Justin Hemmes is a billionaire for the first time thanks to the spectacular rise and rise of his Sydney hotel and pub empire Merivale.
Mr Hemmes owns Merivale with sister Bettina and has a fortune valued at $1.05 billion on the inaugural edition of The List — Australia’s Richest 250, published in a special magazine in The Weekend Australian on Saturday. He is also one of 68 property identities who appear in The List, the biggest study of wealth in Australia ever undertaken.
He now oversees an empire comprising 89 properties and brands, more than 3000 full- and part-time employees, and a business with more than $400 million revenue annually.
But Mr Hemmes has not always had it easy, revealing that he struggled to convince banks to back his transformational Establishment entertainment mecca in the Sydney CBD in 2000, and then Ivy seven years later. “I couldn’t get the finance at first after doing all the rounds of the banks,’’ he told The Australian. “But I had faith that if you create something that people want, they will come.”
With Ivy, Mr Hemmes recalls using cashflow from other parts of his business to pay interest on a $22 million loan. “I remember saying to Dad (the late John Hemmes): ‘I think we will have to pull the plug.’ But he asked me if I thought it would be any good and I said: ‘Yeah, it is going to be amazing.’ ‘So you have to stick to it,’ he said.
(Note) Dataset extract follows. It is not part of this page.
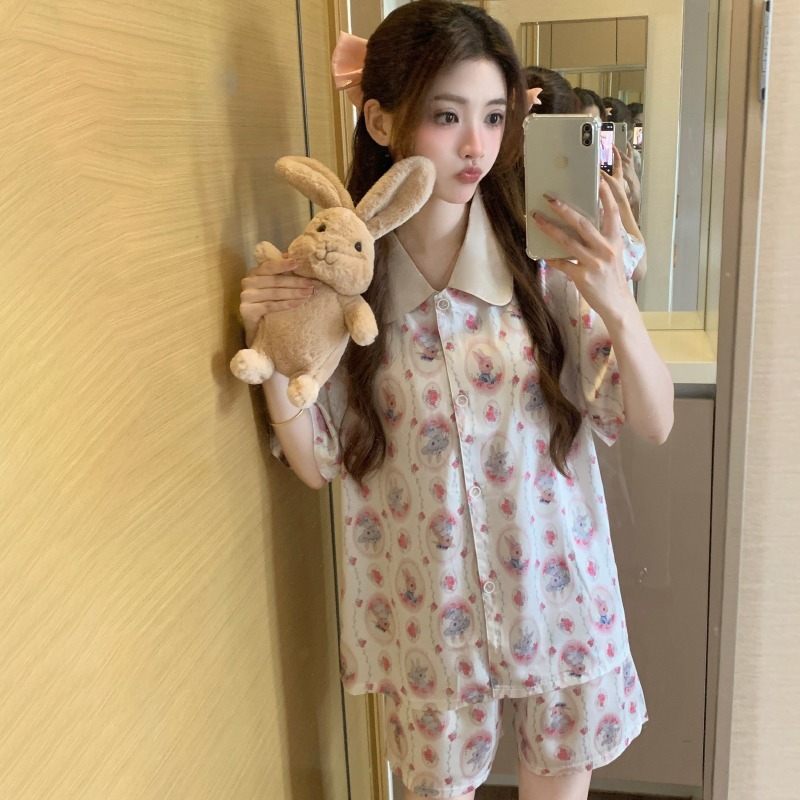 Ice silk thin section sweet cute rabbit women's pajamas summer 2025 new short-sleeved shorts lapel girls homewear two-piece set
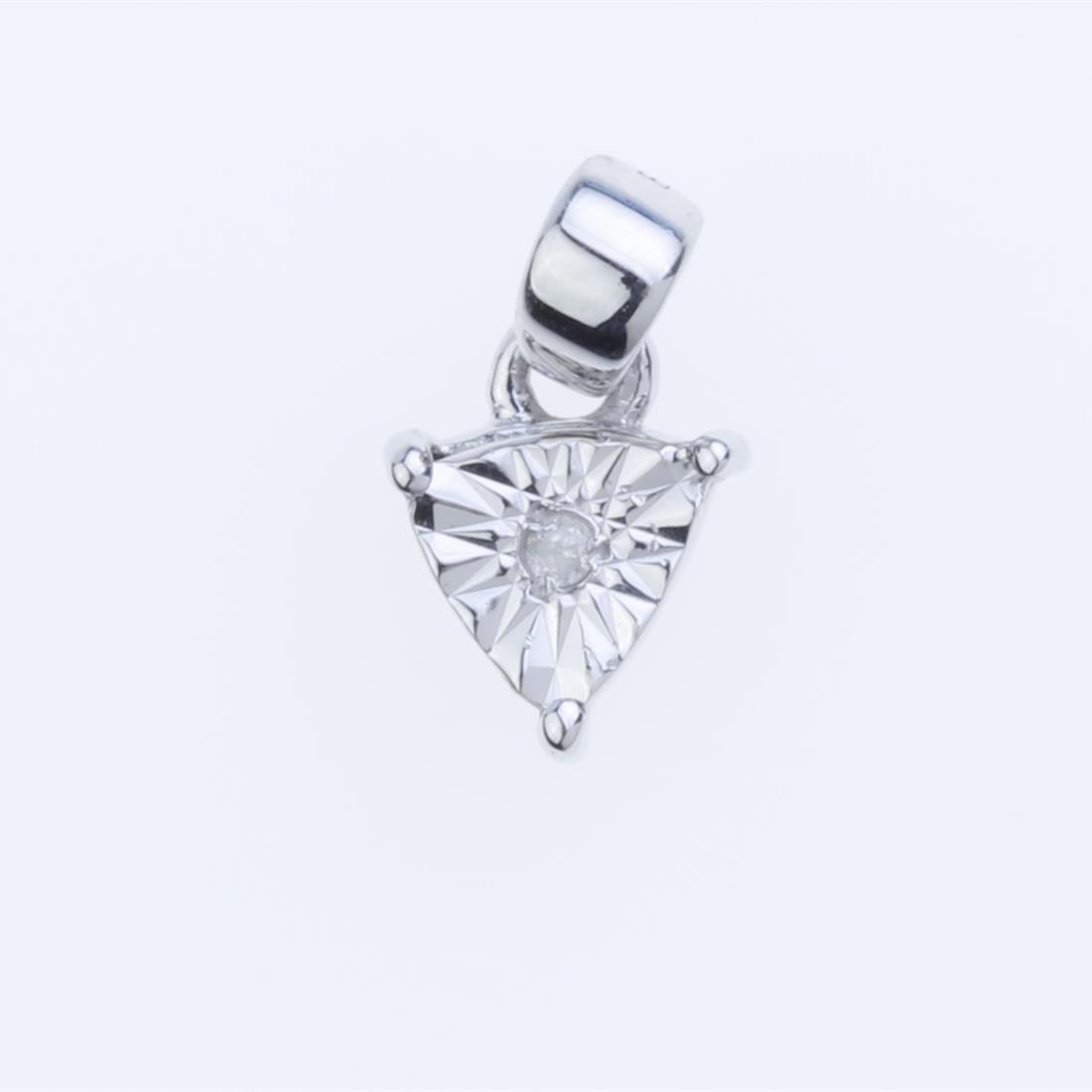 Diamond Cut Trillion Shape Diamond Silver Pendant (1 of 2)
And I did.”
Mr Hemmes is now deep into the planning of his biggest project yet: a $1.5bn radical knockdown and complete rebuild of the Ivy precinct on George Street that will see him once again transform the city’s CBD.
“Maybe I’m more like an artist. I’ve always wanted to create something here; that has always been the plan. But with the opening-up of George Street and the trams (soon) going through, the excitement and development that is happening in the city is unprecedented.”
Ivy will be rebuilt within seven years and, while he has not finalised the plans for the precinct that for now at least contains 20 different venues and businesses, he is close to formulating his vision.
“I basically want to reimagine how we work and play and socialise; and how we interact.’’
The radical Ivy revamp plan also comes at a time when Mr Hemmes, once known as Sydney’s “ultimate playboy”, insists stories about his personal life — which included a high-profile split from the mother of his two young children, Kate Fowler, last year — have created a “stigma” around his reputation.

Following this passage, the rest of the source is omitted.